Even though Hargreaves is young—or perhaps because of it—she thinks a lot about how the traditions of her art can be sustained in a way that’s just and inclusive. Her approach to music preservation is shaped by a degree in ethnomusicology, a wide-ranging musical taste (a current playlist includes Lizzo, Celia Cruz and The Stanley Brothers) and the recent news headlines, which have amplified the darker side of preserving Anglo traditions, rooted in white supremacy.
Uncomfortable though it is, Hargreaves believes it’s critical for young musicians to lean into the tension of that space and ask hard questions about the music traditions they love: “Who’s not here? How does that impact the communities whose music we’re playing? How can you contribute to Appalachian communities?”

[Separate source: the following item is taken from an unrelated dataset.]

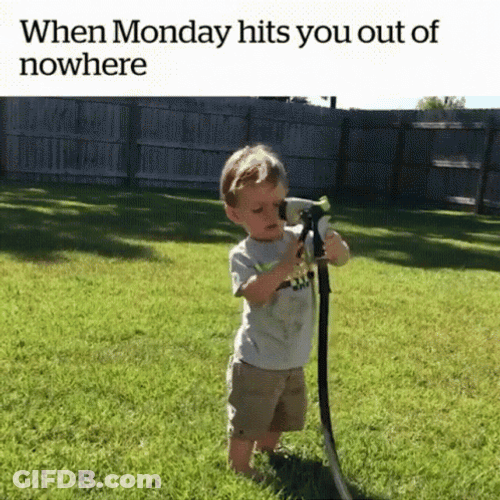 When Manic Monday Hits You GIF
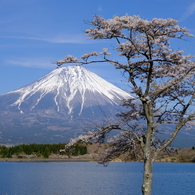 一本桜と富士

They’re weighty issues, and they have the potential to weigh down Hargreaves’ performance. But in fact they do just the opposite: Hargreaves’ forward-looking approach to music imbues her playing with life (and even a little roguish mischief) that’s a treat to experience. Whether she’s helping shape bluegrass culture for a new generation or jamming on a national stage, Hargreaves brings her refreshing curiosity with her, and bluegrass fans—now and in the future—get to reap the benefits.